A term life policy is a relatively simple product. It offers pure death benefit protection for a certain period of time, such as 10, 20 or 30 years. It is much cheaper than any form of cash value life insurance, but can become very expensive once insureds reach their later years. There are several types of term coverage, such as guaranteed renewable, mortgage term, decreasing term and level premium term. Guaranteed renewable term guarantees that the insured may renew the policy at the end of the term with no additional underwriting.

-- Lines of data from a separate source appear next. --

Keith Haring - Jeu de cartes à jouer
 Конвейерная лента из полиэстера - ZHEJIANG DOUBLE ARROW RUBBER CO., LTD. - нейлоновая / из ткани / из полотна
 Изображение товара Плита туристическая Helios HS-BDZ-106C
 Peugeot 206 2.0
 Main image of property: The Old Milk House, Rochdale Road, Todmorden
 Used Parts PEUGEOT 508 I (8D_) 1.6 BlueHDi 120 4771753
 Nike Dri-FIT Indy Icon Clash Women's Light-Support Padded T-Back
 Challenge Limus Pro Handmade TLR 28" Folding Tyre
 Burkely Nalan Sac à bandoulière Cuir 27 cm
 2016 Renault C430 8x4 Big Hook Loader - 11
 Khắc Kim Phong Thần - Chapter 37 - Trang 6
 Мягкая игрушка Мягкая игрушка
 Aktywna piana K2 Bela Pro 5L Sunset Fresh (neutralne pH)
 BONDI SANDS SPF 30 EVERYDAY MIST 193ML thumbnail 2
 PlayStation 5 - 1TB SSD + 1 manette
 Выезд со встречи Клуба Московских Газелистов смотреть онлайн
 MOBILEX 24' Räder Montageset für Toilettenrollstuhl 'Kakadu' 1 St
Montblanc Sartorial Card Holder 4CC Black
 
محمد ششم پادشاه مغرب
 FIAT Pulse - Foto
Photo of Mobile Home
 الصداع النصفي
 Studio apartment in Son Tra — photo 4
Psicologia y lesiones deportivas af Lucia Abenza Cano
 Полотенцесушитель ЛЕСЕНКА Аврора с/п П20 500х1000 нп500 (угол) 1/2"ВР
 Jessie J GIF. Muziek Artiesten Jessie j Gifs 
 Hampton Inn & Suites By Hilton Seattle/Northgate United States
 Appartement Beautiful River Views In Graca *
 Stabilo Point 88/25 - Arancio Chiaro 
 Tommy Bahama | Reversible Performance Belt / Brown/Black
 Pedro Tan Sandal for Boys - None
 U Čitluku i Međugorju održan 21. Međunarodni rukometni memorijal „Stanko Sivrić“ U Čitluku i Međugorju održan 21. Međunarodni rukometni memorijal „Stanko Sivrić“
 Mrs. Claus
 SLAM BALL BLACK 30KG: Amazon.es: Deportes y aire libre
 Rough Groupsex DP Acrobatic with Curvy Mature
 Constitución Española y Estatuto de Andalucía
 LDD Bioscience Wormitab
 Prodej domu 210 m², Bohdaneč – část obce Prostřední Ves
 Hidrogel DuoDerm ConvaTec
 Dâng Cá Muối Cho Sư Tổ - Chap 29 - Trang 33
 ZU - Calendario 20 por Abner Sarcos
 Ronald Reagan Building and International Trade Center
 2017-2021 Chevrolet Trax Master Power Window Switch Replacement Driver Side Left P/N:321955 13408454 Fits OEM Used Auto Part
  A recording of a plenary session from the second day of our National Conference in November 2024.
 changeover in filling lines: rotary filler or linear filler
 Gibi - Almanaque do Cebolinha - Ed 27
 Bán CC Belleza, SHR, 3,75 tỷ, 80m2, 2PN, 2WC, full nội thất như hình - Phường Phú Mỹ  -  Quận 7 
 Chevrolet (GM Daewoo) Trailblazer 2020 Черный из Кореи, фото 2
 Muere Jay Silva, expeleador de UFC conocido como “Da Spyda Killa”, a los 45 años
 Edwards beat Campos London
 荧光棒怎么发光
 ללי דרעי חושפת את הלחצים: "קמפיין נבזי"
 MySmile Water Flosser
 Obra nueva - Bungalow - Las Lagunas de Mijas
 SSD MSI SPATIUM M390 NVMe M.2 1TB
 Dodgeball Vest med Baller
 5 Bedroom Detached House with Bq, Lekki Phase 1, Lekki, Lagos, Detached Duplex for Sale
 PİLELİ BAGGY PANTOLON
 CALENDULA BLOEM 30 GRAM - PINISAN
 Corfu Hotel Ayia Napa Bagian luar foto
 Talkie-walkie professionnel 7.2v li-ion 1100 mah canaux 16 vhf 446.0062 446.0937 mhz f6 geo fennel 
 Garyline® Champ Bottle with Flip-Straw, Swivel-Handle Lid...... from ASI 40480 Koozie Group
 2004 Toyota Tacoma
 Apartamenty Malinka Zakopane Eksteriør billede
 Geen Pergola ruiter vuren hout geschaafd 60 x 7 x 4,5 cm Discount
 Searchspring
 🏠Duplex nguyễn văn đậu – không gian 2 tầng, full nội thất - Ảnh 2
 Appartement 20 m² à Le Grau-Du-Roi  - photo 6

Of course, this guarantee comes at an additional cost. Some term policies have rising premiums or shrinking death benefits, and accelerated benefit riders are now also available for an additional cost in many policies. These riders will pay out some or all of the death benefit while the insured is still living if he or she becomes disabled or is diagnosed with a critical illness such as cancer or heart disease. Some term policies also offer a return of premium rider for an additional cost that will refund some or all of the premiums paid into the policy when the term expires.

Cash value life insurance costs more to begin with, but will remain in force for the insured’s entire life as long as premiums are paid. This type of insurance has a built-in savings account that grows tax-deferred over the life of the policy, which can then be used as retirement savings. Although they are more expensive, far more cash value policies pay out their death benefits than term policies. And cash value policies can also eventually accumulate to the point where they become paid up, which means that you won’t have to make any more premium payments to keep the policy in force.

Cash value accumulation can eventually become a substantial asset for you after you have paid premiums into the policy for many years. And policy loans may not need to be repaid; they will simply reduce the amount of cash value and face value remaining in the policy. There are several types of cash value policies.

Whole Life Insurance

Whole life insurance is the simplest and oldest form of cash value policy, and its premiums and death benefit remain at a fixed dollar amount, regardless of how much it accumulates in cash value. Whole life insurance policies pay set dividends on a regular basis, which you can either take in cash, allow to grow inside the policy, use to buy additional coverage or decrease your premium.

Universal Life Insurance

Universal life insurance has flexible life insurance premiums and pays interest to the policy’s cash value, and its death benefit can fluctuate. The rate of interest that it pays will also fluctuate according to prevailing interest rates. Some UL policies pay interest that is calculated according to the performance of an underlying financial benchmark, such as the S&P 500 Index.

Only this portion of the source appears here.